Problem statement
Reproduce exactly, and solely, the lines running from the top of the data below through the line with "Rote Kamelie Quaste", both inclusive. Omit pictures.

Available data
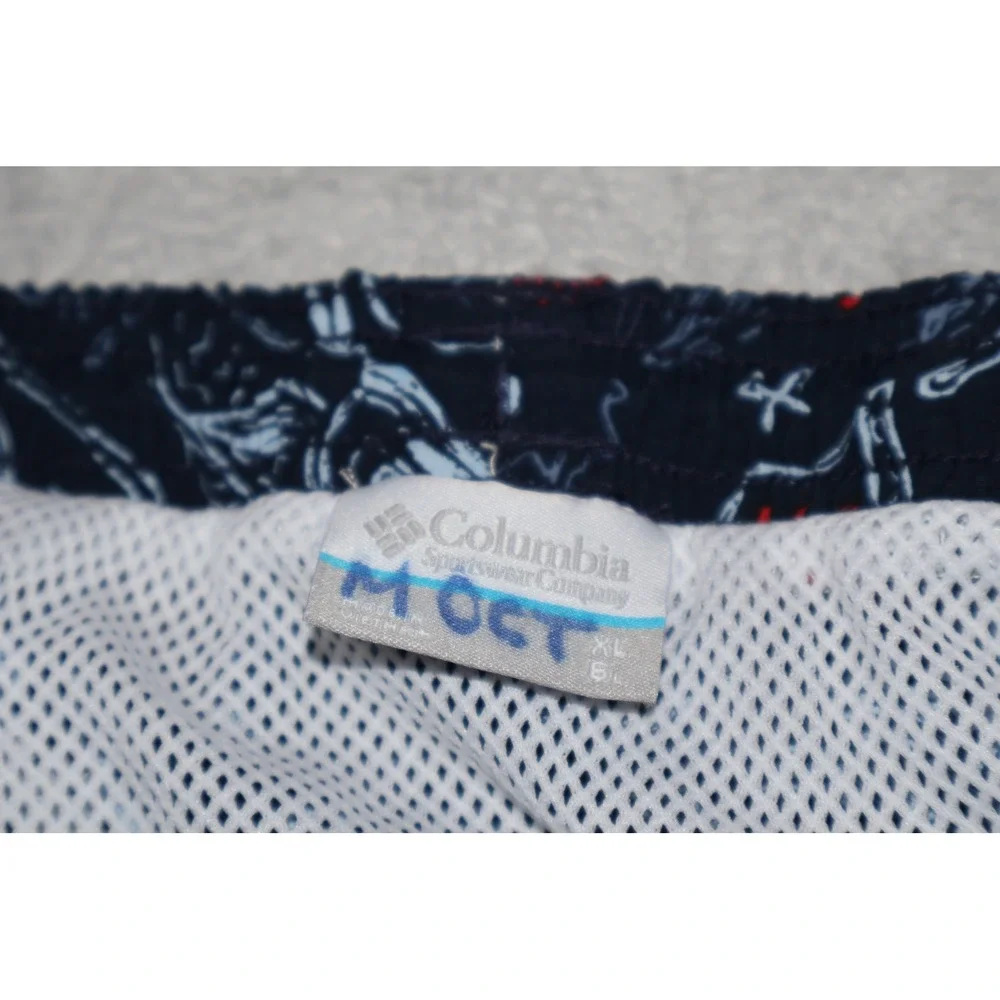 Columbia PFG Lined Swim Trunks Mens XL Navy Blue Fishing American Flag Print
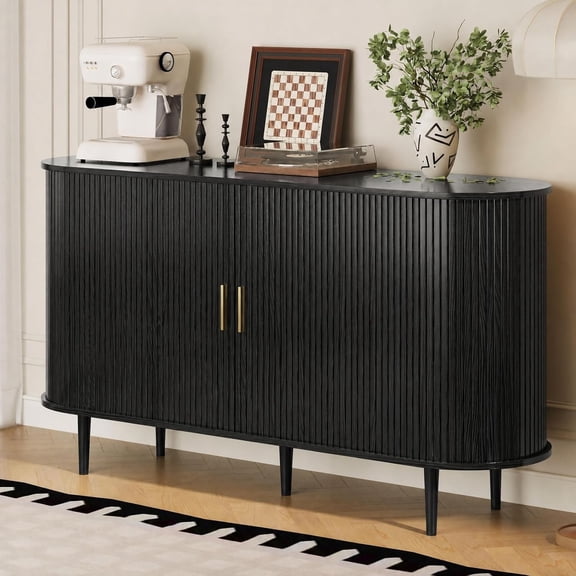 55" Black Sideboard Buffet Cabinet, Mid-Century Modern, Fluted Accent, Tambour Sliding Doors, Adjustable Shelf, Coffee Bar Console Table for Living Room, Kitchen, Entryway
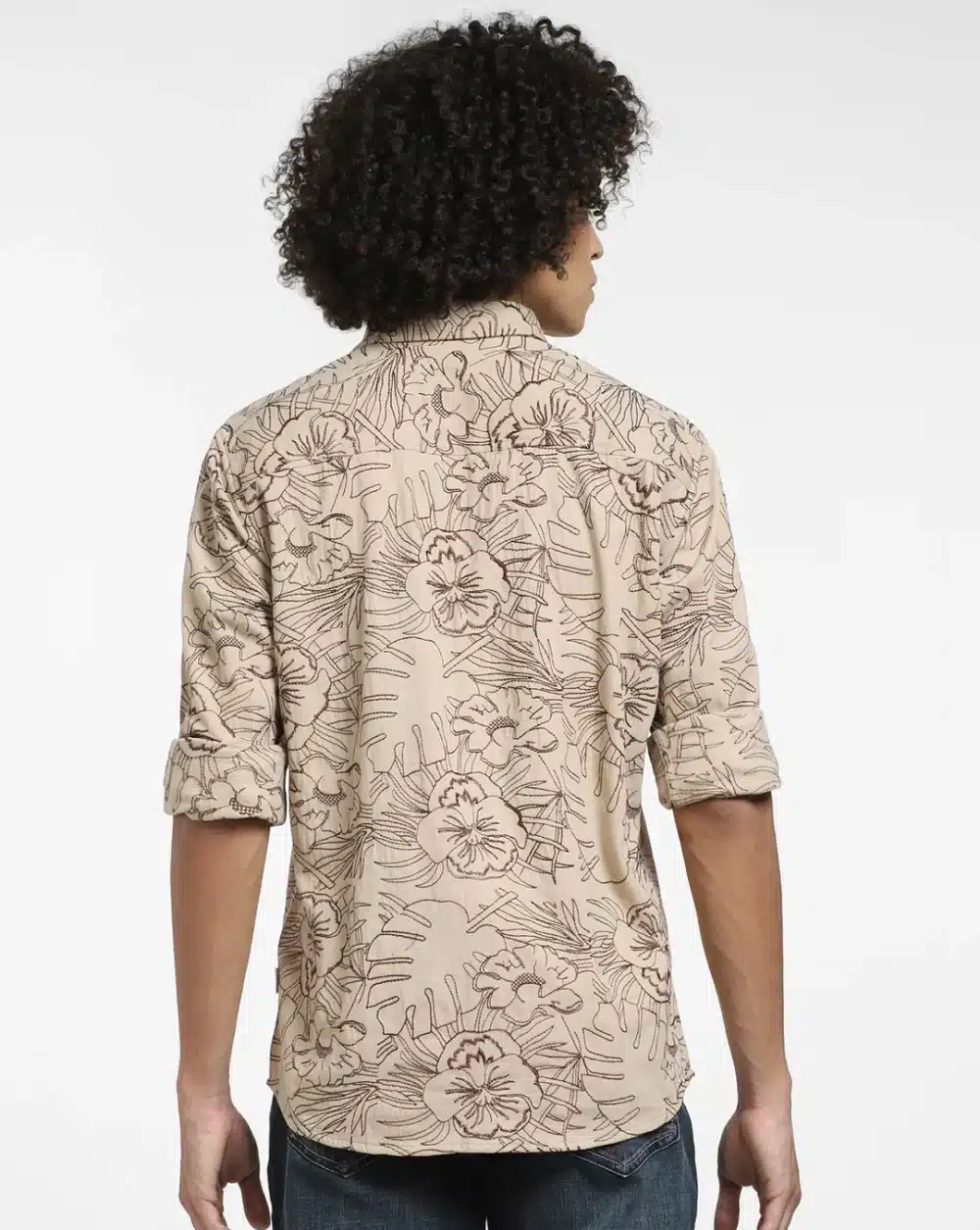 Brown Embroidered Full Sleeves Shirt - Image 4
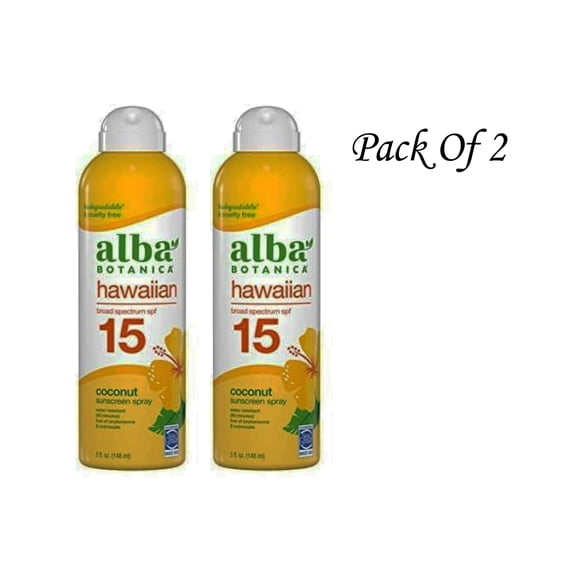 Alba Botanica Sunscreen Spray for Face and Body, Broad Spectrum SPF 15 Sunscreen, Hawaiian Coconut, Water Resistant and Biodegradable, 5 fl. oz. (Pack Of 2)
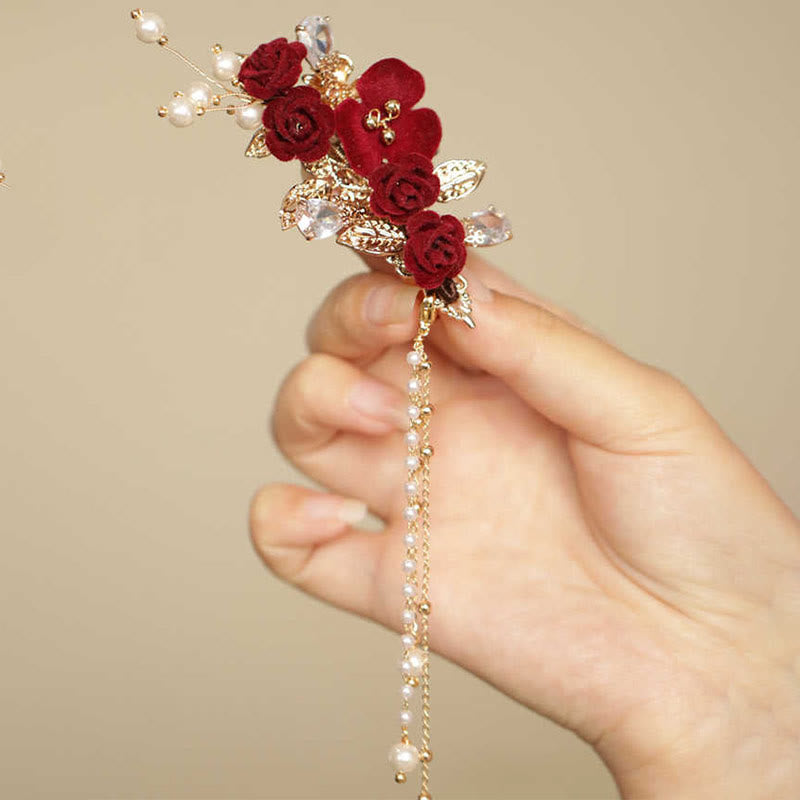Rote Kamelie Quaste Chinesische Haarspange | Retro Stil Haarnadel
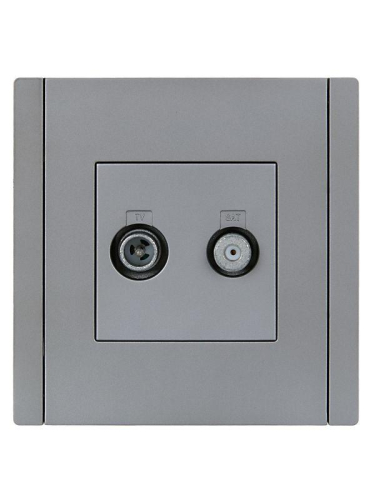 Розетка 2-м TV+SAT FORTE&PIANO FP538 сталь IEK FP-AF20-O-K46 фото 2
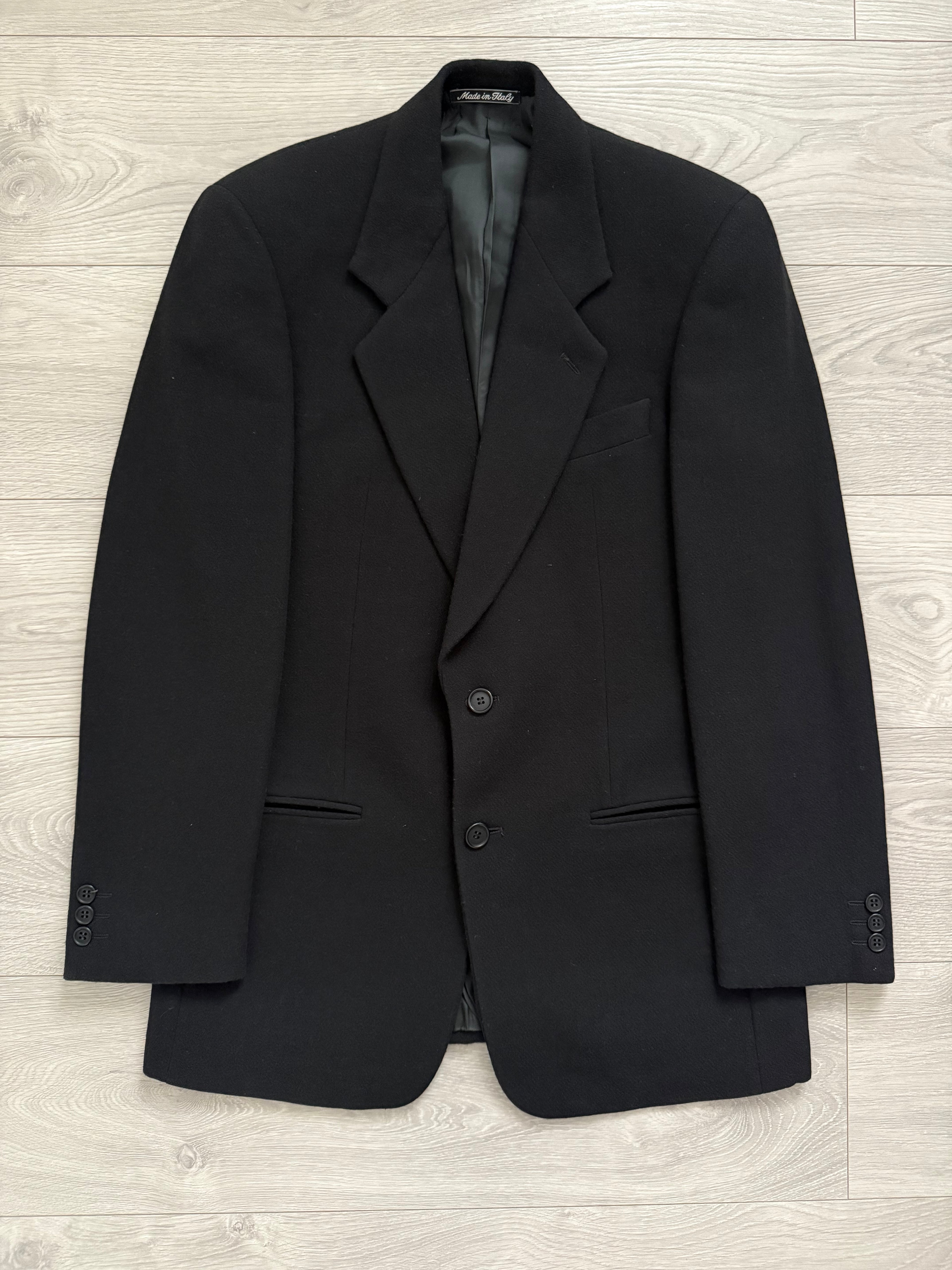 Giorgio Armani 1990s Black Wool Blend Sports Jacket Blazer - Size S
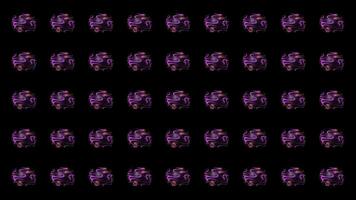 Many abstract 3D spheres in symmetric rows with the pattern of purple waves, seamless loop. Motion. Energy vibrating glowing balls. photo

Solution for this exercise
 Columbia PFG Lined Swim Trunks Mens XL Navy Blue Fishing American Flag Print
 55" Black Sideboard Buffet Cabinet, Mid-Century Modern, Fluted Accent, Tambour Sliding Doors, Adjustable Shelf, Coffee Bar Console Table for Living Room, Kitchen, Entryway
 Brown Embroidered Full Sleeves Shirt - Image 4
 Alba Botanica Sunscreen Spray for Face and Body, Broad Spectrum SPF 15 Sunscreen, Hawaiian Coconut, Water Resistant and Biodegradable, 5 fl. oz. (Pack Of 2)
Rote Kamelie Quaste Chinesische Haarspange | Retro Stil Haarnadel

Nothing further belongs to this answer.